Saad knew that dating me was “wrong,” at least in his context. Dating me would not only mean breaking away from everything he knew, but also challenging his faith. At the time, Saad’s internal conflicts seemed completely absurd to me. Why would anyone feel so conflicted about something that restricts them so much?!
When Ramadan came along, Saad did not fast and did not pray. I saw the rest of our Muslim classmates do and talk about Ramadan. They talked about sacredness, community and spirituality, words that would make me terribly uncomfortable. Saad avoided them. He did not want to answer their questions or have to explain to them that deep inside he just felt like he had fallen from grace.
One afternoon I came into Saad’s apartment and found him cooking lunch.
“Why aren’t you fasting,” I asked.
“What for? I am already doing a lot of things that contradict my faith… my religion,” he sombrely said.
“Many things… I am not praying, I am not going to the mosque, I am not doing jummah, I am not eating halal food, I celebrated my birthday this year for the first time, with you I must add, and I am dating a kafir. I do not deserve to have God in my life.”
“So, is this about you dating me?” I questioned.
“I don’t think you get it. You are great. But you hold nothing sacred. You can’t understand how my soul feels.” He dropped the conversation.
That was not entirely true. Growing up as an atheist, unlike popular belief, does not mean growing up without morals or values. In fact, these values are often shared with religious people. We hold our families and communities sacred too. We often value life, rights and more. And despite the fact that atheism has gained a bad name through figures like Sam Harris and Richard Dawkins (to mention just a couple of people from a very long list), atheism, as I learned it, does not entail being a racist, sexist, Islamophobic jerk. The difference is mainly on how we go about our values.
But he was right about something. My self-righteous attitude was a huge blind spot. I eventually understood that being “right” about religious matters was completely irrelevant if those matters made sense to someone else.
The night before Eid-al-Fitr I found Saad alone in the university prayer’s space. It was the first time I had seen him pray. He always prayed when I was not around. I sat by the door listening to him. “أستغفر الله,” he repeated over and over again. He finished his prayers and turned to me. “I need Allah’s forgiveness… and I need you to understand that,” he said- I nodded- “I am Muslim… that is at the core of who I am. And I may be wrong a lot of the time. And I may be doing things that are wrong, but I do not want to feel like I am not a Muslim anymore.” I nodded again.
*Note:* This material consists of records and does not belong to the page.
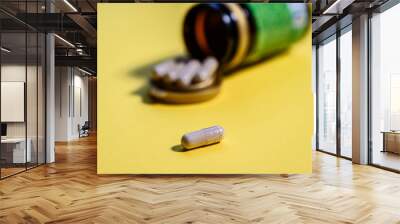 Medicine, pharmacy or dietary supplement concept. Bottle with pills and capsules over yellow backg
round. Side view. Wall mural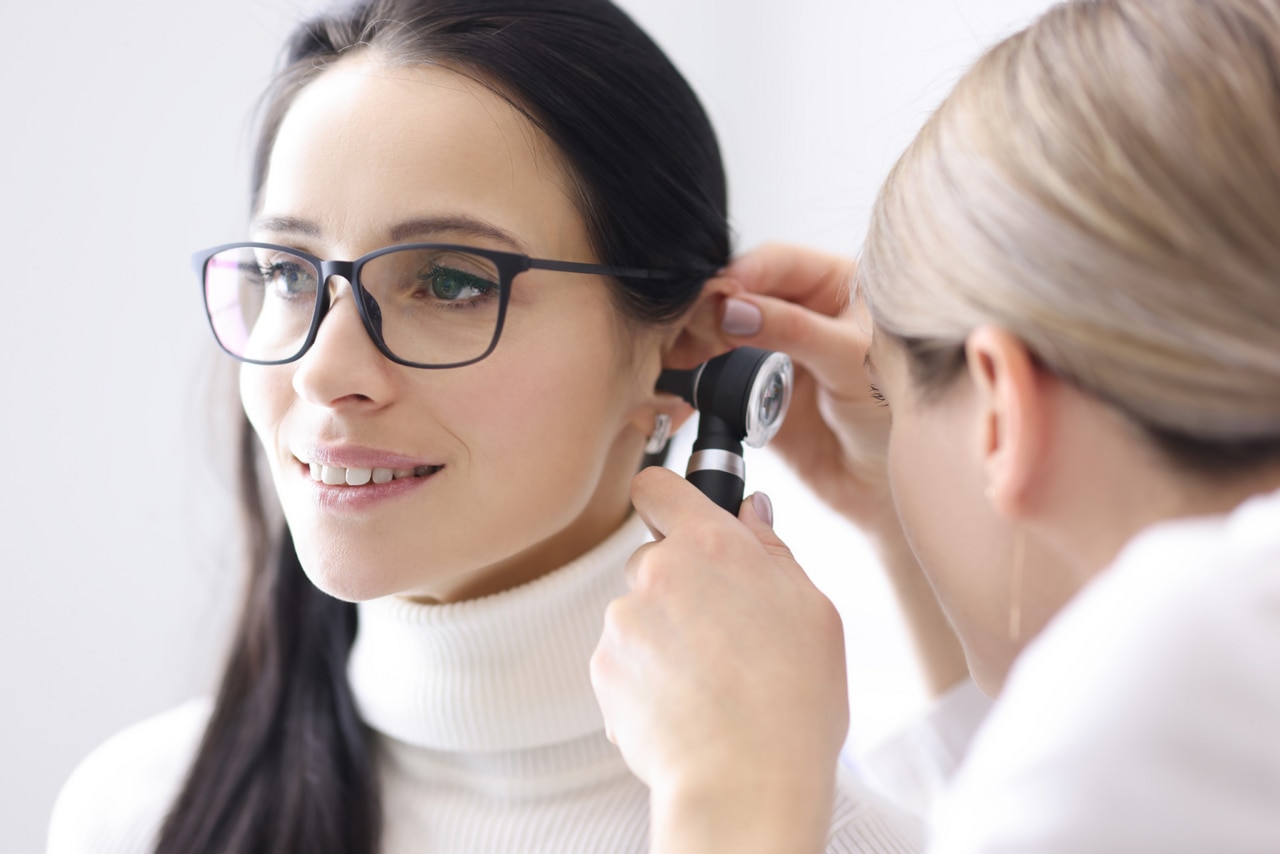 Doctor conducts examinations of ear area for woman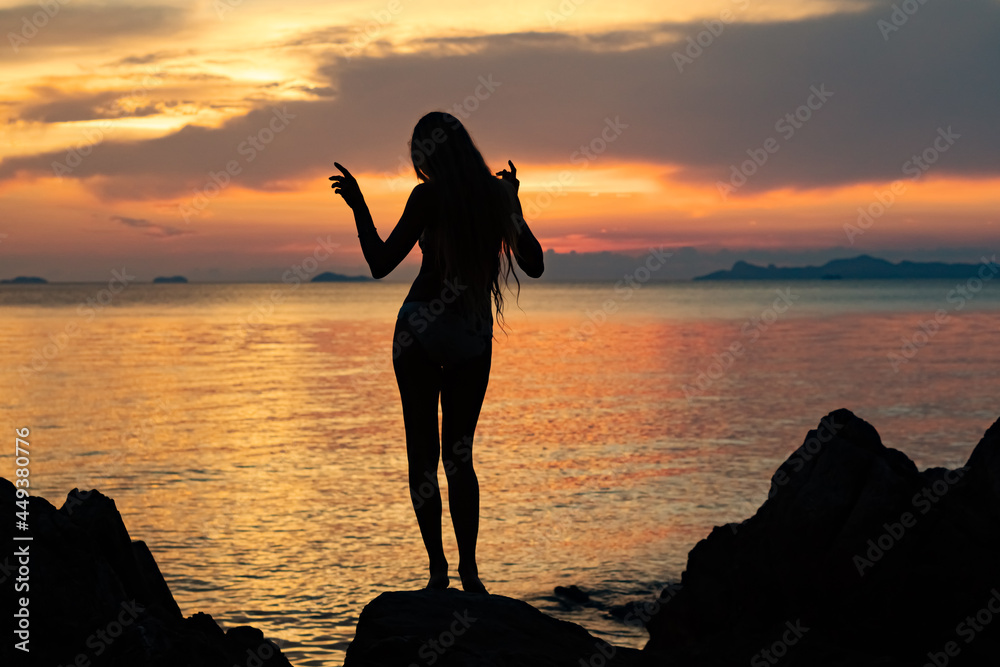 Silhouette of a young woman dancing on the rocks by the sea at colorful sunset background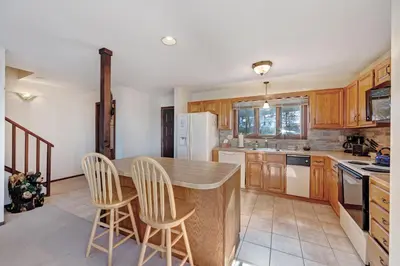 a kitchen with wooden cabinets and a island with stools at Camelback 302 in Tannersville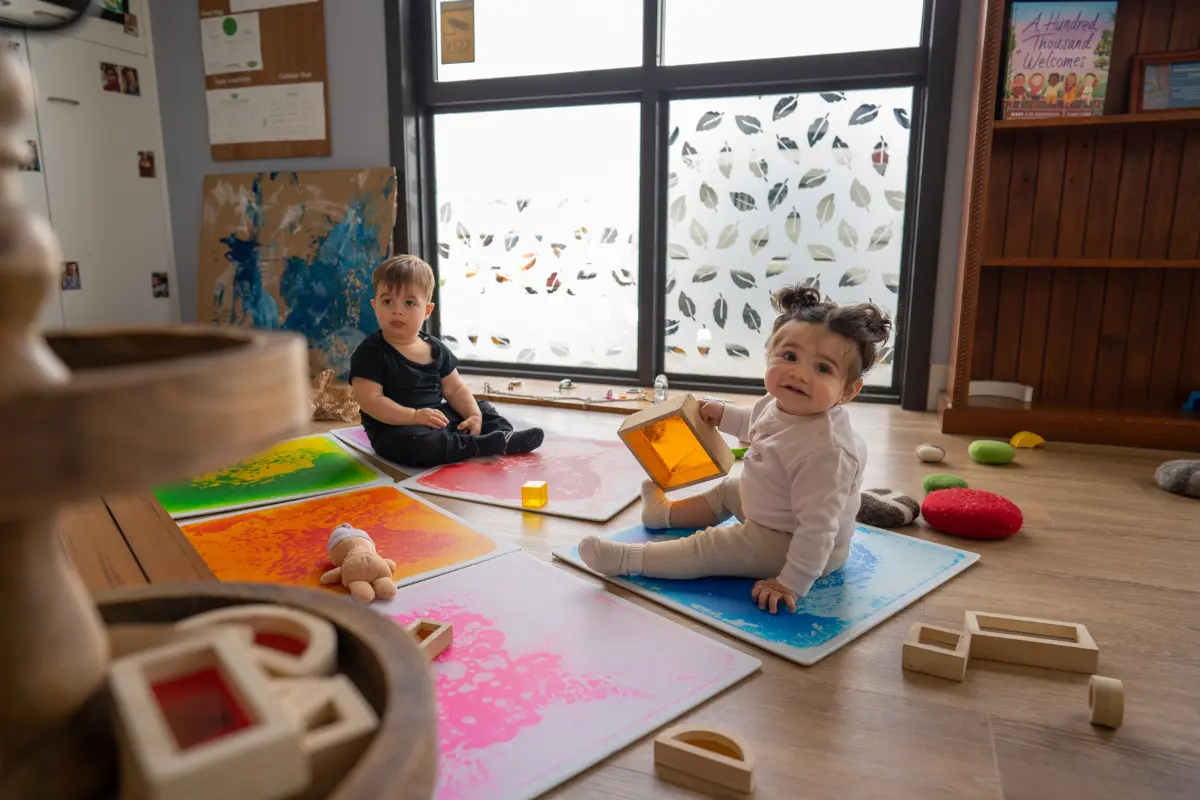 Babies exploring sensory play and early learning activities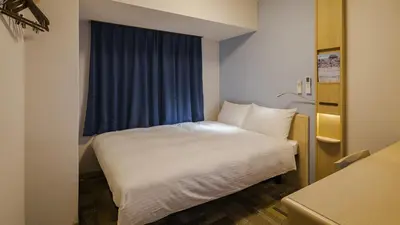 a bedroom with a white bed and a blue window at Toyoko Inn Tokyo Ikebukuro Kita guchi No 2 in Tokyo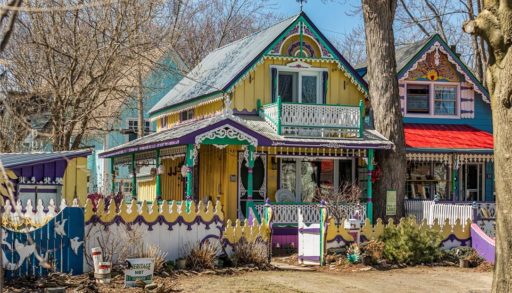 Colourful cottage with yellow exterior and purple, turquoise, and white trim. Gingerbread-style woodcarvings throughout.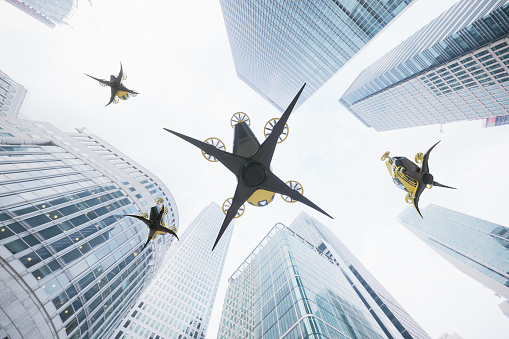 Four eVTOLs-Electric Vertical Take Off is flying between the buildings and skyscrapers.. (3d render)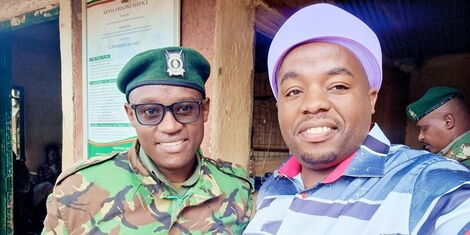 Philanthropist Karangu Muraya and a prison warden at G.K prison Thika on Tuesday, November 22, 2022
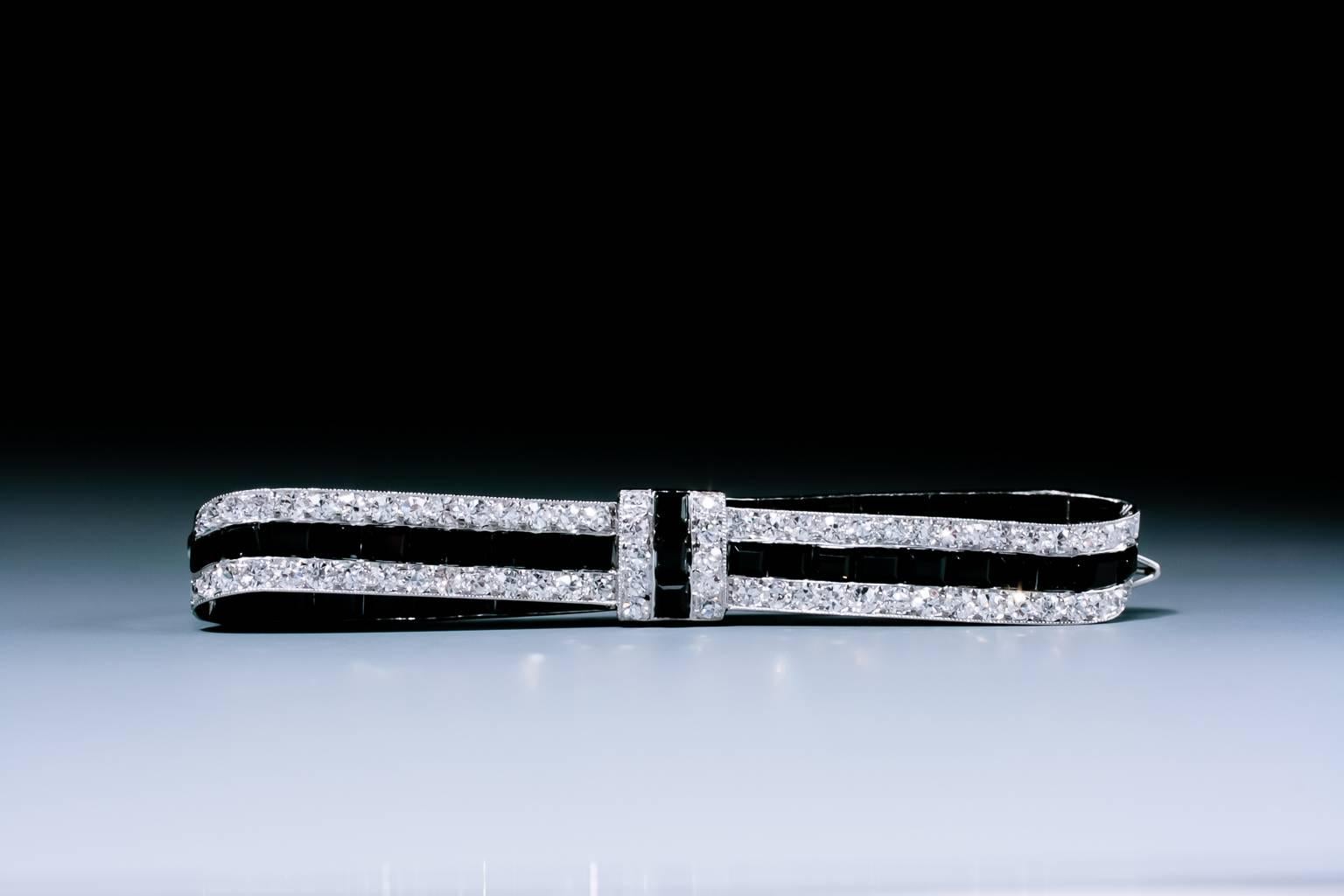 A very fine early Art Deco onyx and diamond bow brooch by Cartier, the horizontally aligned ribbon bow set with a central row of square cut onyx between courses of circular cut diamonds, backed on both sides with graduated calibré-cut onyx, mounted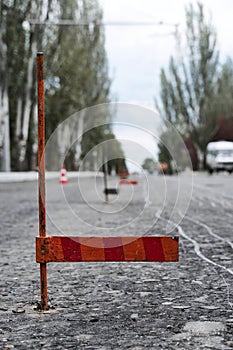 Road construction or repair - laying a new layer of asphalt, marking the level for increased accuracy and warning signs cone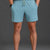 Person wearing light blue shorts and white sneakers on a gray background || Underseas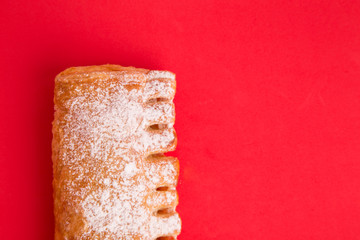 cream cane cake, with sugar in red background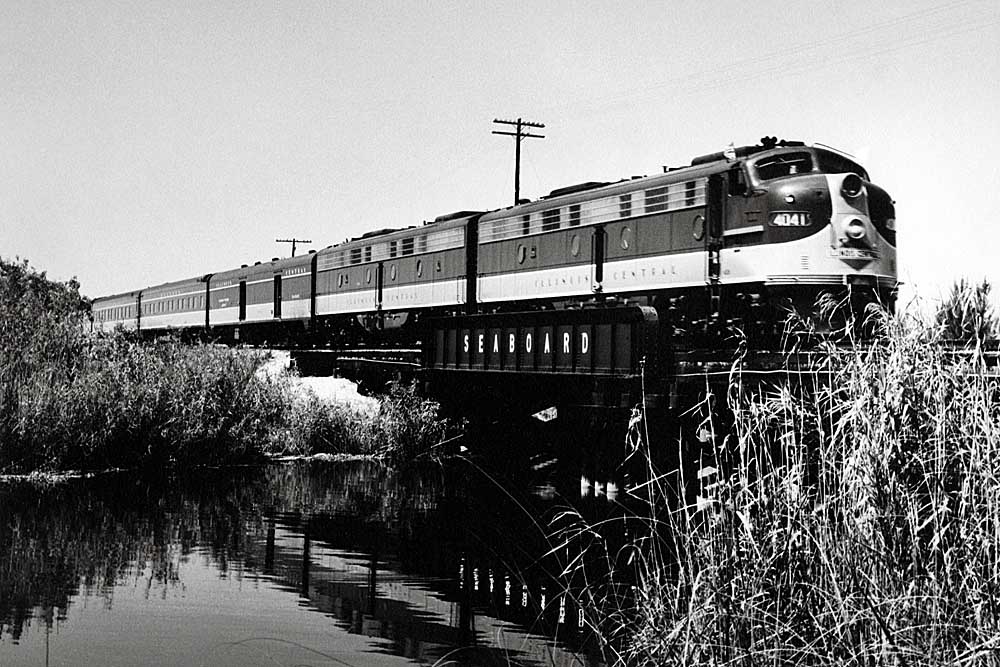 Streamlined passenger train crossing waterway on bridge
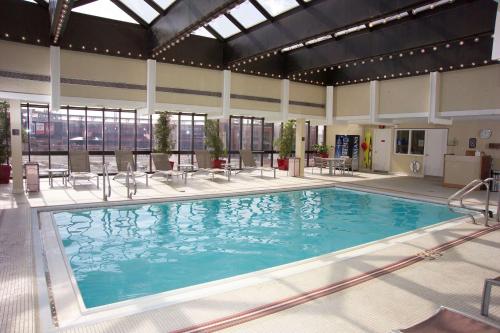 a large swimming pool with blue water in a building at Hilton St. Louis at the Ballpark in Saint Louis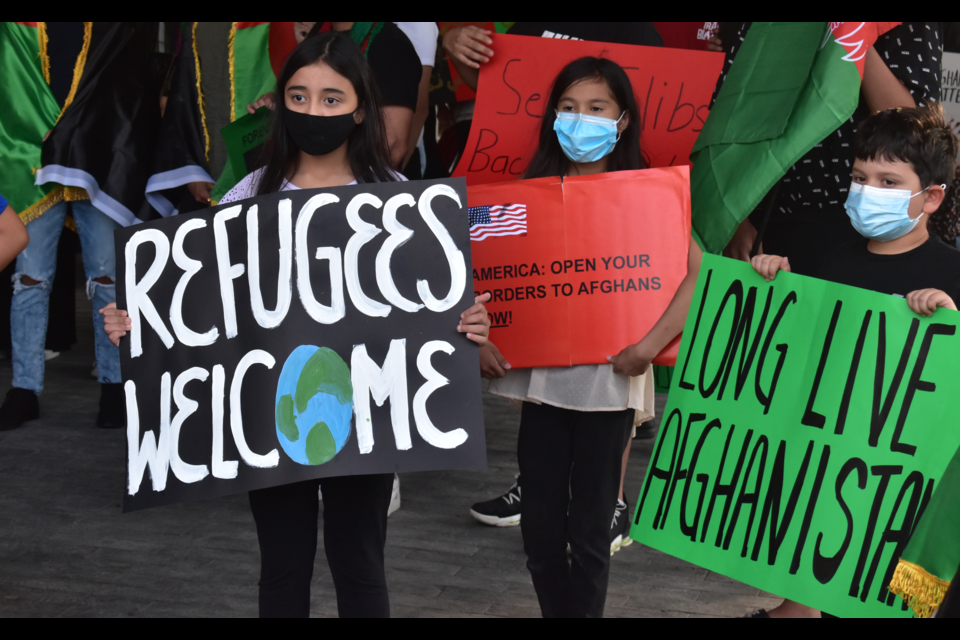 Children hold signs.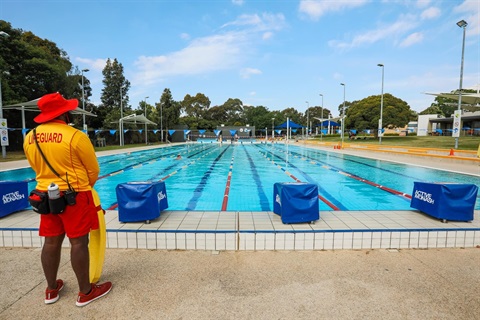 Lifeguard watching outdoor pool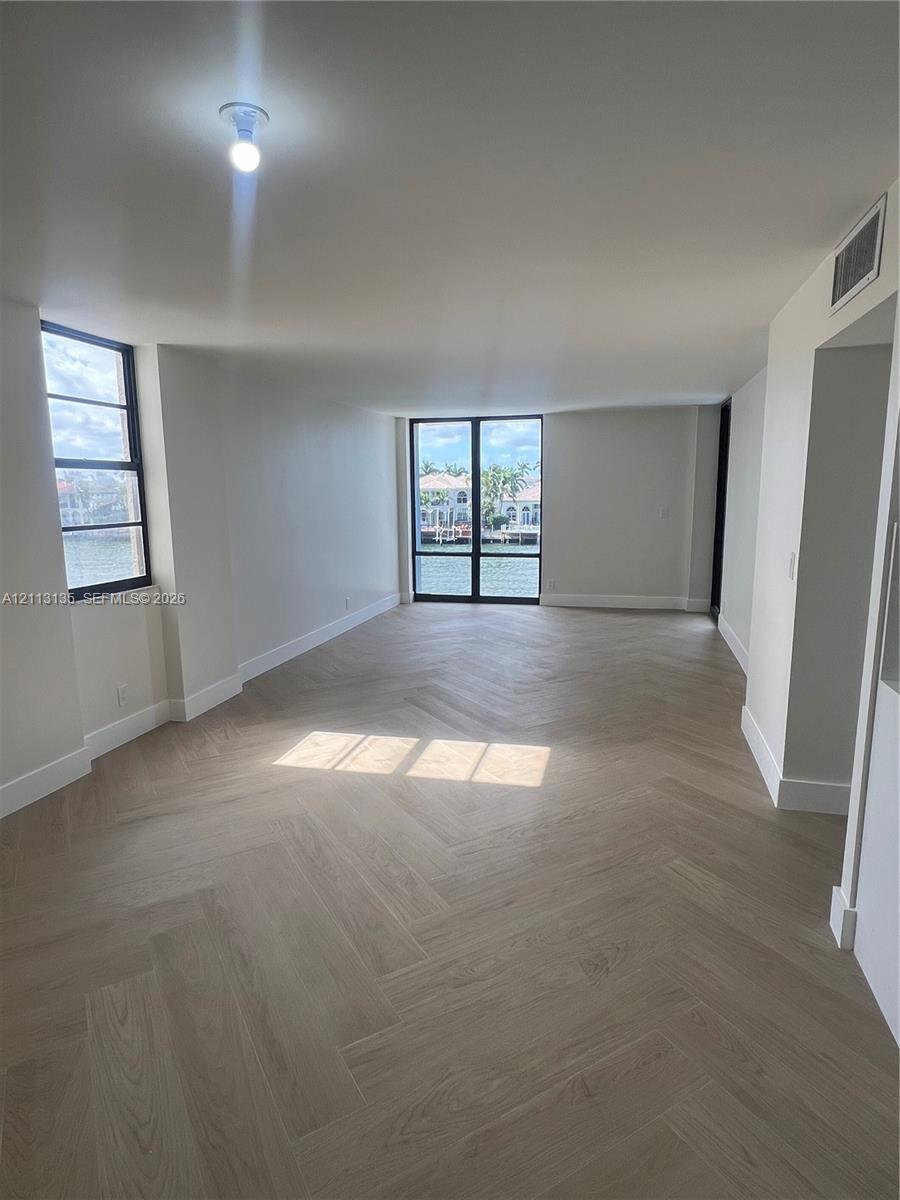 Herringbone wood-finish flooring, floor-to-ceiling windows, and water-facing exterior exposure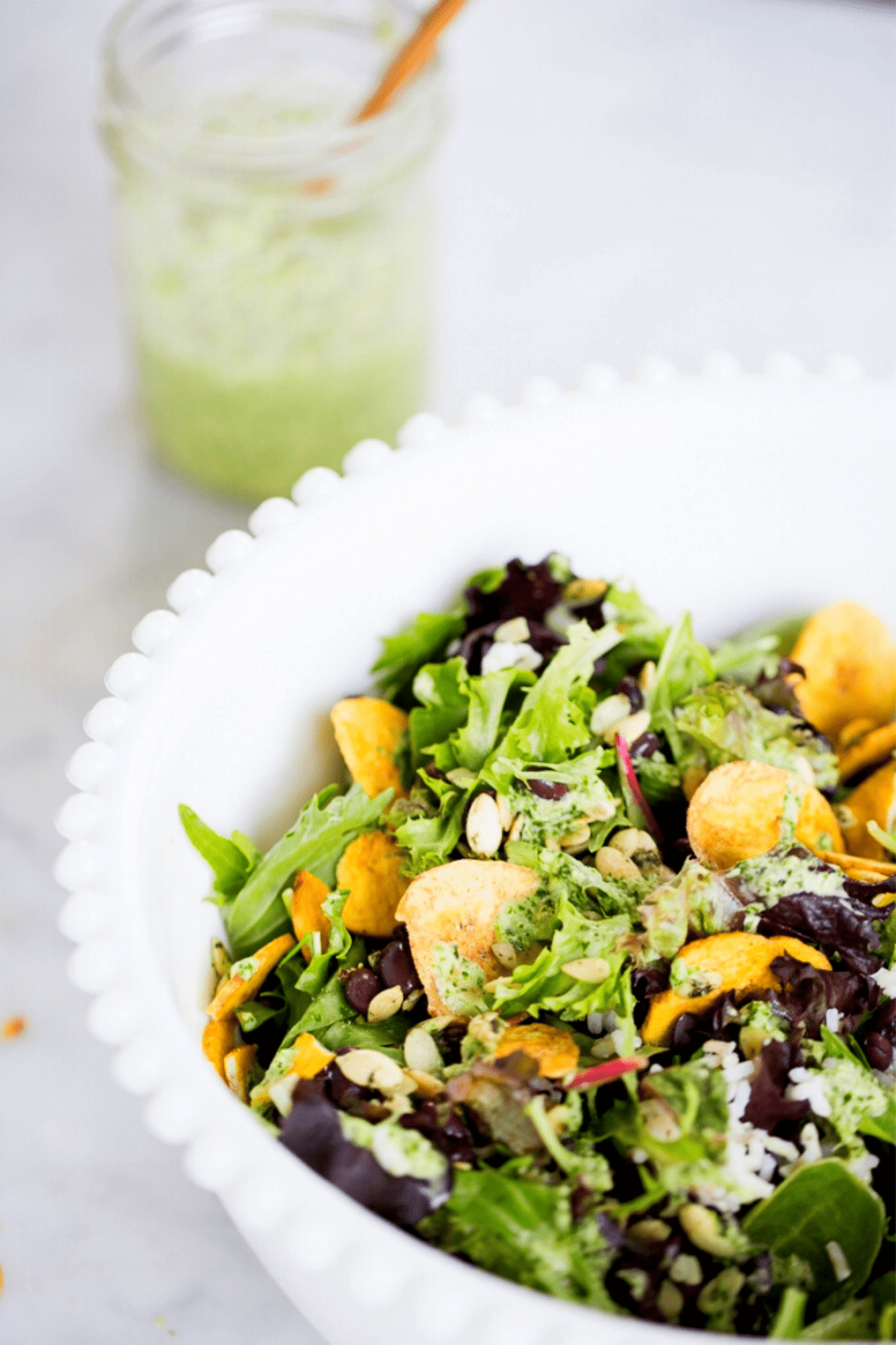 A white bowl with a salad in it drizzled with cilantro dressing.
That night triggered a lot of thoughts. It was the day that I finally admitted to myself that I was having a crisis of faith. For years I had been feeling certain emptiness in my soul… and emptiness Saad did not have. And even though everything I knew seemed to be true, my spirit was not being nourished. That day was also the last time Saad and I talked about religion and spirituality as a “what if?” Belief, itself, was never questioned again, because at the end of the day it did not matter. Faith, or lack thereof, made us who we were… at least at the beginning… and I had no right to question that.